Timothy Egan at The New York Times:
Romney promises to govern as he invests. He wants to overhaul the tax system so that overseas profits of American corporations would escape United States taxation. This would create an incentive for corporations to shift even more jobs and capital overseas. Obama, by contrast, wants to give tax credits to companies that make new hires in the United States.

A consumer of politics, just like an investor, should practice due diligence. Forget what Romney says about American exceptionalism; look at his American exceptions. Given all the heat he's taken of late, if Romney could retroactively invest he might plant less of his fortune under other countries' flags. Alas, it doesn't work that way, or we'd all own Apple at two bucks a share.

Paul Krugman looks at how the super-rich play the martyrs in our politics (and yes, that includes Mitt Romney):
It's no secret that, at this point, many of America's richest men ' including some former Obama supporters ' hate, just hate, President Obama. Why? Well, according to them, it's because he 'demonizes' business ' or as Mitt Romney put it earlier this week, he 'attacks success.' Listening to them, you'd think that the president was the second coming of Huey Long, preaching class hatred and the need to soak the rich.  [...]

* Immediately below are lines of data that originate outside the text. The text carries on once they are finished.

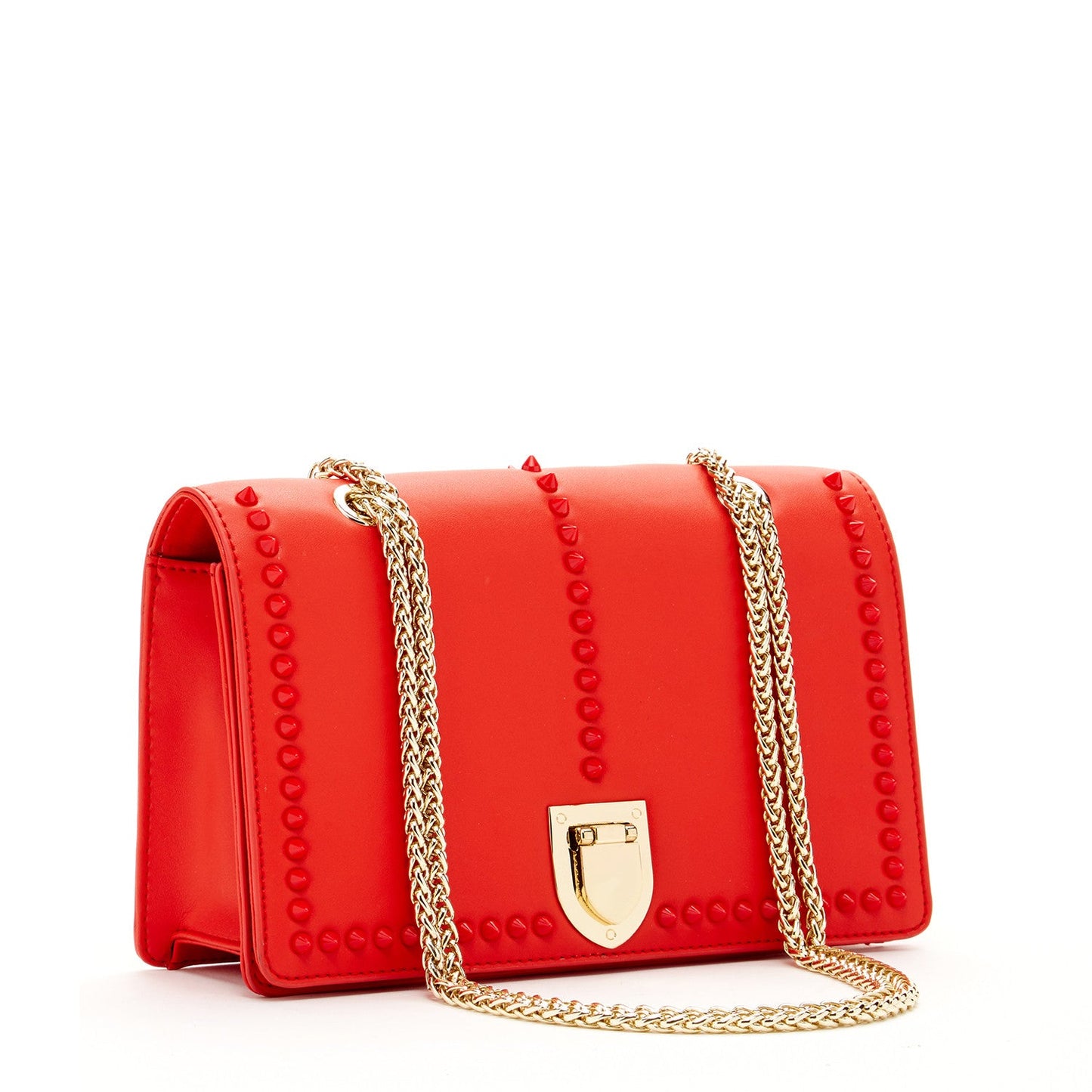 Josie Red Leather Chain Purse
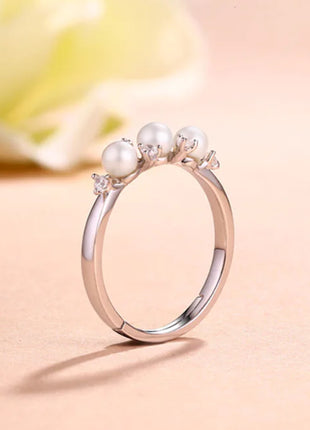 Fashionable Adjustable Pearl Ring in 925 Silver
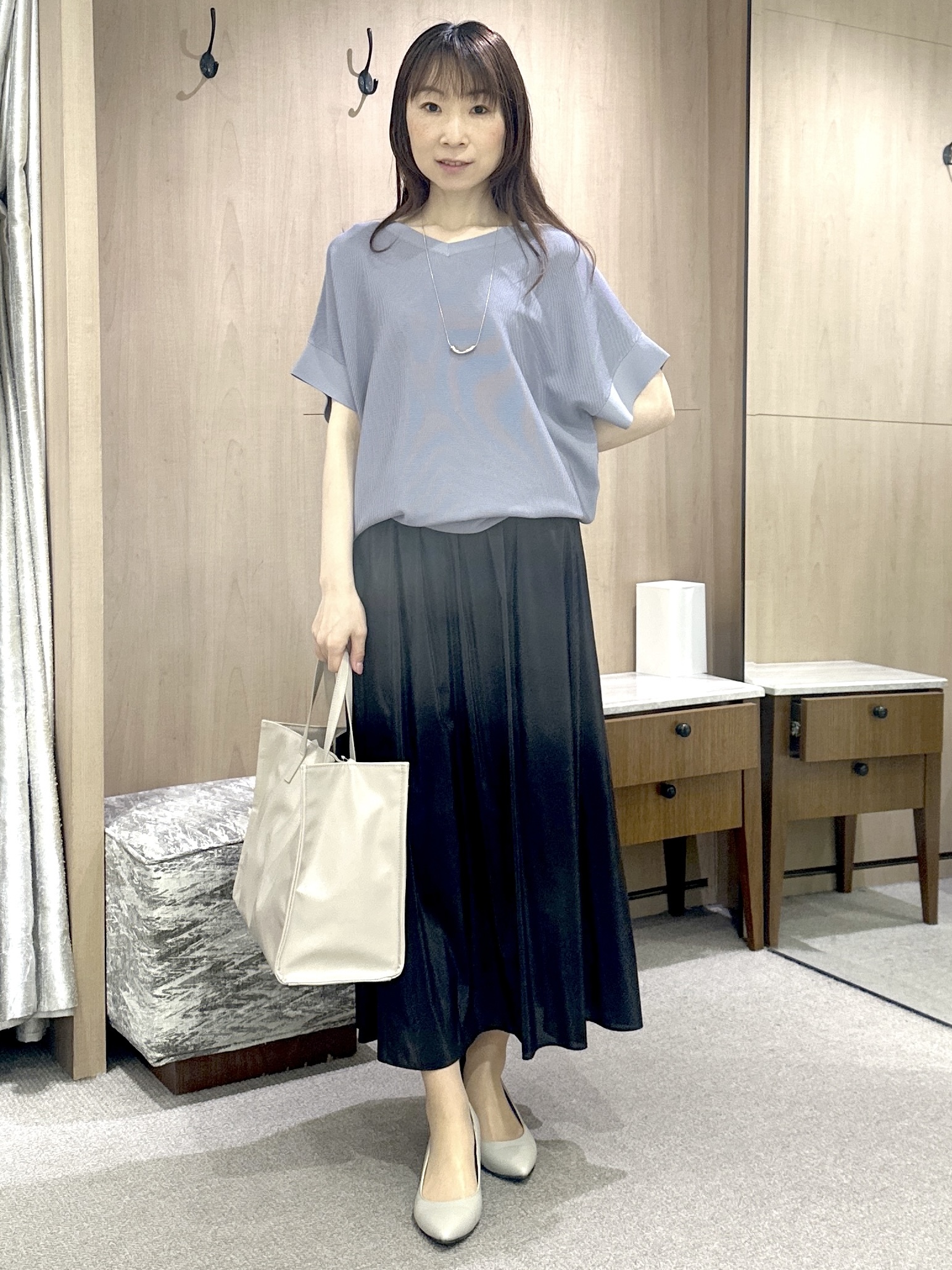 Miwaさんの「UNTITLED｜【11色展開/体型カバー】前後2WAYフレンチスリーブニット」を使ったコーディネート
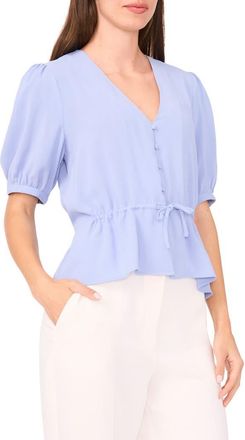 Halogen Button Front Tie Waist Top in Forever Blue at Nordstrom Rack, Size Large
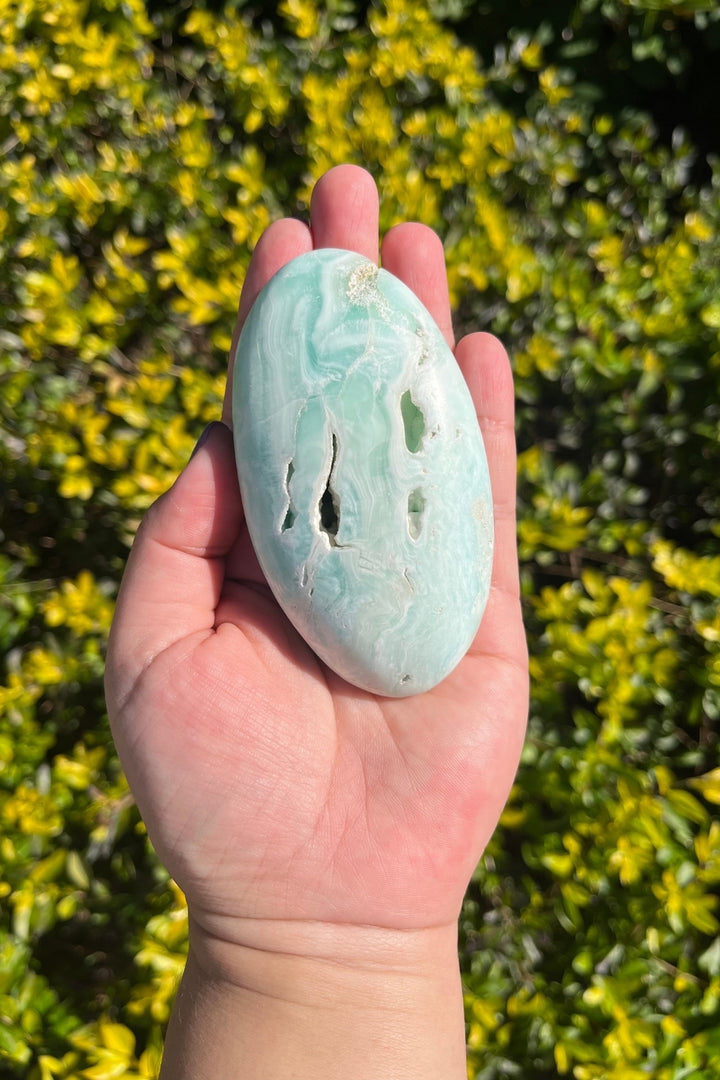 Blue Aragonite Palm Stone #2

[T]he rich are different from you and me, many of them are incredibly self-centered. They don't even see how funny it is ' how ridiculous they look ' when they attribute the weakness of a $15 trillion economy to their own hurt feelings. After all, who's going to tell them? They're safely ensconced in a bubble of deference and flattery.  [...] There are plenty of very rich Americans who have a sense of perspective, who take pride in their achievements without believing that their success entitles them to live by different rules.

But Mitt Romney, it seems, isn't one of those people. And that discovery may be an even bigger issue than whatever is hidden in those tax returns he won't release.

U.S. Senate candidate Elizabeth Warren on the latest rate-fixing scandal and the culture of Wall Street corruption:
Real accountability would mean prosecuting the traders and bank officials who violated federal laws and prosecuting the executives who knew what they were up to. It would mean forcing executives to pay back any inflated compensation that was based on padded profits. [...]

But the heart of accountability lies deeper. It rests on acknowledging that we cannot trust Wall Street to regulate itself ' not in New York, London or anywhere else. The club is corrupt. When Mitt Romney says he will move to repeal all of the new financial regulations, he supports a corrupt system. When members of Congress grill regulators for being too tough on Wall Street and slash the budgets of the regulators charged with overseeing Wall Street, they prop up a corrupt system.

Financial services are critical to the economy. That's why everyone ' every family and every business ' has a stake in an honest system. The fantasy that reducing oversight of the biggest banks will make us safer is just that ' a dangerous fantasy. The Libor fraud exposes rot at the core. Now, who will stand up to fix it?